Sciatica (Sciatic Nerve Pain)


Sciatica is a condition where there is pain along the course of the sciatic nerve. The sciatic nerve runs from the lower portion of the spinal cord to the back of the thighs and down the lower limbs below the knees. If the nerve gets compressed or damaged somewhere along its course, it results in a pain. Thus, sciatica is just a symptom and not a disorder. In people suffering from sciatica, the pain radiates from the buttocks to the legs.


The hallmark symptom of sciatica is radiating pain, which originates from the lower spine and spreads to the buttock and down the calves.

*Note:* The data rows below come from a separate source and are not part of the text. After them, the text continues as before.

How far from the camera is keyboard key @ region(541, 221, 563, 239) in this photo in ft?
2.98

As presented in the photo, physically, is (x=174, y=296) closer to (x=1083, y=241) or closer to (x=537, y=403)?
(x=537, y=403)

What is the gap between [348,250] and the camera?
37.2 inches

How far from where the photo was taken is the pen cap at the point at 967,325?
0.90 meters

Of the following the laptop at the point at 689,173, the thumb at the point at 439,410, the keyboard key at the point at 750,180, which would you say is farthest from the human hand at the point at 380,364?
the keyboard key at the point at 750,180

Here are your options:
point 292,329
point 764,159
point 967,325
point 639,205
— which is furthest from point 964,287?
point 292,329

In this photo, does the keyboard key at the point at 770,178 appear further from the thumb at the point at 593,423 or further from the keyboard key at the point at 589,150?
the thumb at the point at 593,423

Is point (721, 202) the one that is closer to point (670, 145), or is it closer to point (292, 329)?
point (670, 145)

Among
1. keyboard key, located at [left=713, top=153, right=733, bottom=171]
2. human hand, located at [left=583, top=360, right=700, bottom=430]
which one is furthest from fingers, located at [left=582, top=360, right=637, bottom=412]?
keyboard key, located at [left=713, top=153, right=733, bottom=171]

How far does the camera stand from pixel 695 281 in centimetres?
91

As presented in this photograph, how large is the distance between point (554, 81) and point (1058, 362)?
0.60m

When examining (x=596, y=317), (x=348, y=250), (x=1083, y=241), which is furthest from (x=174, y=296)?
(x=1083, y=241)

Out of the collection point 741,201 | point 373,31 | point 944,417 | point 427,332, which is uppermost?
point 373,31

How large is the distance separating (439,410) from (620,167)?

  • Sharp, stabbing or burning pain
  • Discomfort in the buttock, thighs and/or calf
  • Pain worsening upon coughing or sneezing
  • Prolonged sitting increases the pain
  • Pain usually one sides
  • Numbness or muscle weakness in the leg or foot
  • Tingling in toes or parts of the foot
  • Loss of bladder or bowel control (indicating cauda equina syndrome)
  • Pain radiating down the affected leg upon lifting the unaffected leg


Compression or injury of the sciatic nerve, either at its root where it emanates from the spine, or along its course across the buttock and down the lower limb is the reason for sciatica. The causes of sciatica can be grouped as follows:

  • Age-related wear and tear
  • Herniated disc in the lower back
  • Narrowed spinal canal (spinal stenosis), especially in the lumbar region
  • Dislocation of a vertebra (spondylolisthesis)
  • Neuromuscular disorder called piriformis syndrome, in which piriformis muscle irritates sciatic nerve
  • Tumors or abscesses inside the spinal cord, within the membranes covering the spinal cord, or in the space between the vertebrae and the spinal cord
  • Trauma to the spine, which injures the nerve roots in lumbar or sacral regions


Majority of the people with sciatica respond well to self-care measures and the pain goes away on its own.

Treatment options include the following:

  • Self-care measures: Using cold packs and hot packs alternatively, bed rest, keeping head of the bed higher, and applying over-the-counter (OTC) medications (like, acetaminophen). Stretching and exercising also help in providing relief from sciatica in many cases.
  • Physical therapy: Physical therapy includes rehabilitation program to help in recovery. The therapy focuses on maintaining proper posture, strengthening the muscles supporting the back and improving the flexibility.
  • Medication:
    – Anti-inflammatory drug (like, ibuprofen or aspirin) and a muscle relaxant are often recommended to patients.
    – Narcotics provide short-term relief from pain.
    – Anticonvulsant drugs (like, gabapentin) and tricyclic antidepressants are given to patients with chronic pain.
    – Corticosteroid injections may help in suppressing inflammation and relieving pain. These injections are, however, reserved for severe cases.
  • Surgery:
    – Surgical procedures are reserved for following cases in treatment-resistant cases, for progressive cases or for patients showing weakness or loss of bowel or bladder control.
    – In discectomy, a portion of a herniated disc is taken out, which removes the compression on the sciatic nerve.
    – In a similar and minimally invasive procedure called microdiscectomy, a portion of the herniated disc is removed with the help of a surgical instrument or laser while using an operating microscope. Recovery period is shorter in microdiscectomy, compared to conventional discectomy.